The student said he has barebacked with multiple "friends and ex-boyfriends," situations in which "we trusted each other. I mean, I don't just let anybody do it." Yet he also said he had bareback sex "with people I barely knew." In those cases, he said, "I knew they were clean," sometimes just "by looking at them."
And then, when Johnson did fess up about his status, this source says he "got pissed." "I had asked him several times, and he'd said he was clean, and I trusted him!" What an idiot.
This is not to excuse the alleged lies Johnson told, but if you engage in risky sex, the onus is on you. You may hope for transparency, you may be optimistic about the general goodness of the human heart, you may think, "Hey, this intimacy I'm experiencing must extend to matters of truth and fairness," but all that wishing and hoping will amount to is a pop song that's already been written if you're lucky (and musically inclined). It's best to err on the side of solitude and believe that no one owes you anything. That way you're not surprised when that person that you don't even know tells you that your fuck session may have changed your life irreversibly.

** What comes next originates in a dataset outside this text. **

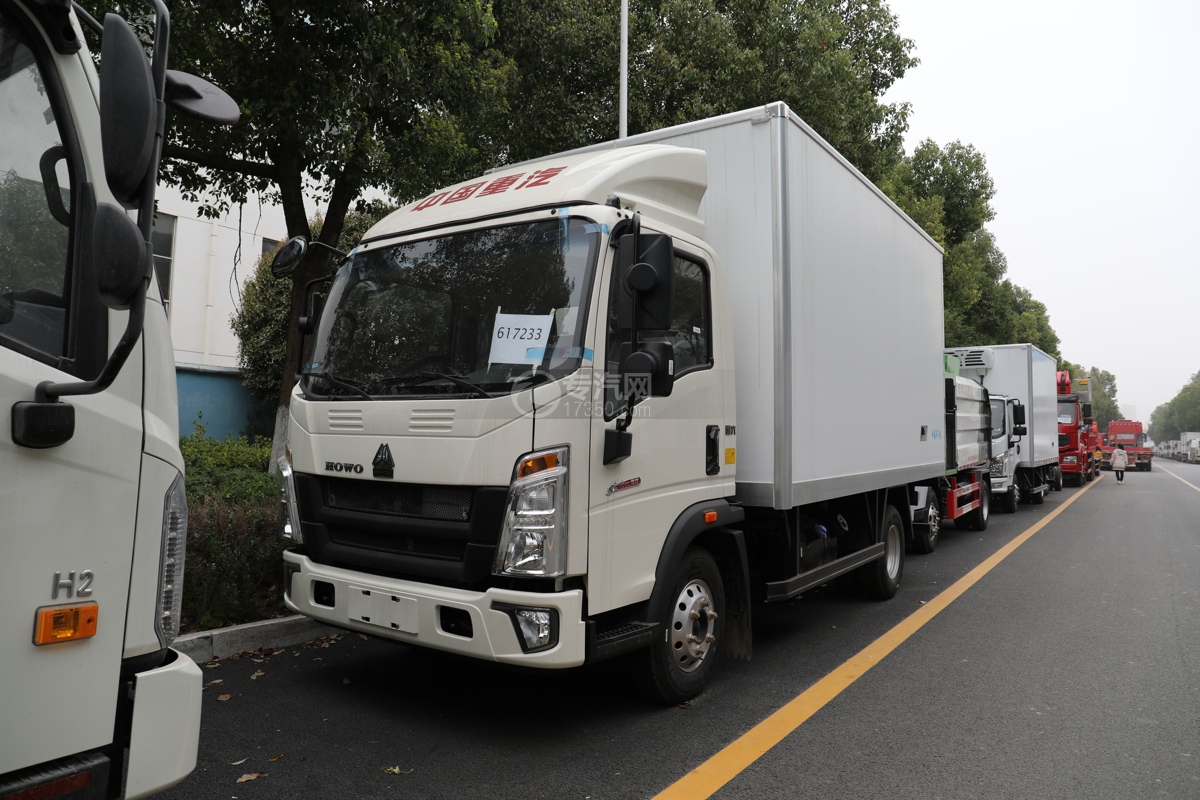 重汽HOWO悍将国六4.1米冷藏车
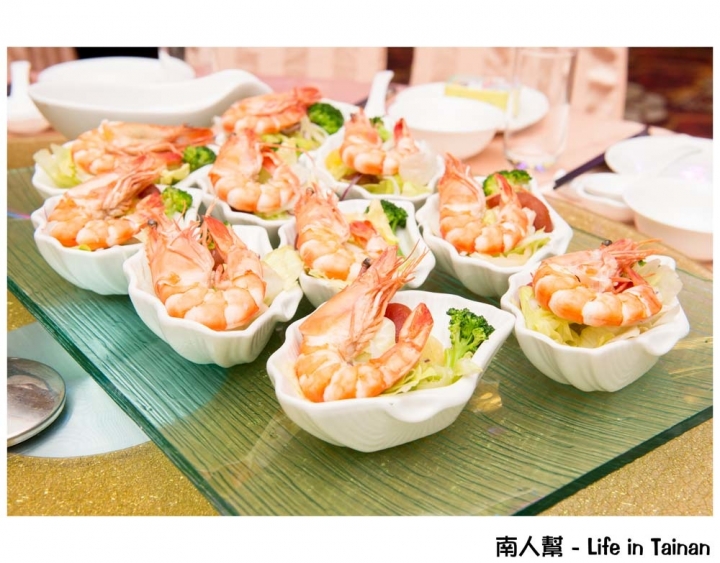 【台南永康-宴客】訂婚|結婚|挑高七米空間|證婚亭|無樑柱設計|舞台燈光秀|多樣宴會廳~情定婚宴城堡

If you like taking loads so much and are legitimately concerned about contracting HIV, so concerned that you would put the blame on someone else for your own behavior, go on PrEP. It's not perfect, but Jesus Christ, it's better than demonizing others for your preferences. Your body is your responsibility.
Speaking of medication, there's only a passing mention of Johnson's regimen by that same anonymous source, who doesn't exactly seem so with-it. "He infected someone with HIV. Without medication, that person could get AIDS, so he's slowly killing someone. It's a form of murder, in a sense," he says. It is unclear as to whether Johnson declined to answer questions about meds, or if Thrasher didn't ask (an email request to Thrasher to clarify this point has not yet been returned). Legally, this point would likely make little difference, although it should, since a recent study showed no instances of HIV transmission between partners in serodiscordant couples where the HIV positive person had an undetectable viral load due to antiretroviral medication. Zero.
The implications are that, in fact, having sex with an HIV positive and undetectable person is not a form of murder, in a sense, but in fact safer sex. (Also, the idea that HIV is a death sentence is an antiquated notion for those who have access to antiretrovirals. It's no walk in the park, but it's not 1985 anymore, either.) It's far riskier to have sex with someone who thinks he or she is negative but is in fact positive and untreated—the higher the viral load the more contagious a person is.
While prosecutors defend the HIV laws as appropriate for certain cases, some activists argue that criminalization of exposure to HIV can backfire and actually fuel the spread of the disease.
They note that under most of the state laws, people who don't know they have HIV are less culpable than those who do know. This fact could deter some people from learning their HIV status, and thus preclude some HIV-positive people from getting treatment.
A better approach, the advocates say, is to encourage responsibility and disclosure without the underlying threat of arrest and prosecution.
But if you must make assumptions, just assume that everybody has HIV or is lying, and act accordingly.
*Note this paragraph originally did not have "alleged" in it, but as a very sharp reader and accomplished writer/editor Sean Strub pointed out to me in an email: "Just because the state of Missouri equates someone who knows they have HIV having sex with another person as 'knowingly exposing them to HIV' it doesn't mean that characterization should be accepted as face value." The rest of this piece reflects the ambiguity of the situation, but the lede may have been misleading.